# Embarrassed about my body.



## loquaciousintrovert (May 23, 2011)

I have lost 13 lbs so far, but I have 53 more pounds to lose.

I feel very embarrassed about my body, especially my stomach. It's horribly flabby and out of shape. I wonder if my lower belly will ever look okay, right now it looks terrible. I feel so alone sometimes, thinking nobody else has such an ugly stomach.

I just feel bad about my body.


----------



## Colton (Jun 27, 2011)

Aww I'm sure it's not so bad. As long as the rest of your body looks ok and it looks like you're trying then don't worry. You're doing all you can do. Keep at it!


----------



## Sunshine009 (Sep 21, 2008)

You aint that heavy. You just have a little more to love.


----------



## ryobi (Jan 13, 2009)

me too. hopefully by spring I will be in shape...


----------



## proximo20 (Nov 25, 2006)

loquaciousintrovert said:


> I wonder if my lower belly will ever look okay


If you are 27 years old, then yes it will.


----------



## loquaciousintrovert (May 23, 2011)

Sunshine009 said:


> You aint that heavy. You just have a little more to love.


Um. No.

I don't WANT there to be more to love. It isn't healthy.

So..yeah.


----------



## Sunshine009 (Sep 21, 2008)

loquaciousintrovert said:


> Um. No.
> 
> I don't WANT there to be more to love.
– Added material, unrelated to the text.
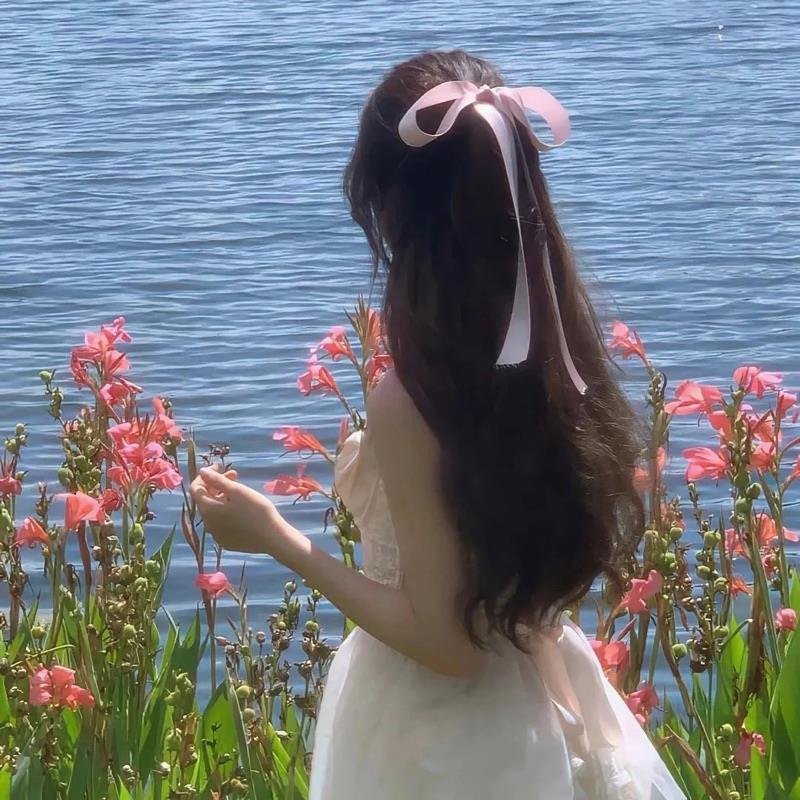 NJast28326's profile picture. Make more new friends!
It isn't healthy.
> 
> So..yeah.


Alright, just say calm. It is only fat. It can be melted off in time you know.


----------



## loquaciousintrovert (May 23, 2011)

Sunshine009 said:


> Alright, just say calm. It is only fat. It can be melted off in time you know.


Whatever.


----------



## Zeeshan (Sep 4, 2011)

Workout a lot, the more you workout the faster you will lose it. Keep moving keep moving


----------



## barczyl (May 10, 2011)

Zeeshan said:


> Workout a lot, the more you workout the faster you will lose it. Keep moving keep moving


Working out is true, but if you continue to eat the same food as before, it will be harder to lose the weight.

So, change your eating habits, even if it is just cutting down on something that isn't that healthy for you. It's tough, but anything is possible as long as you put your heart and mind into it.


----------



## diamondheart89 (Mar 21, 2011)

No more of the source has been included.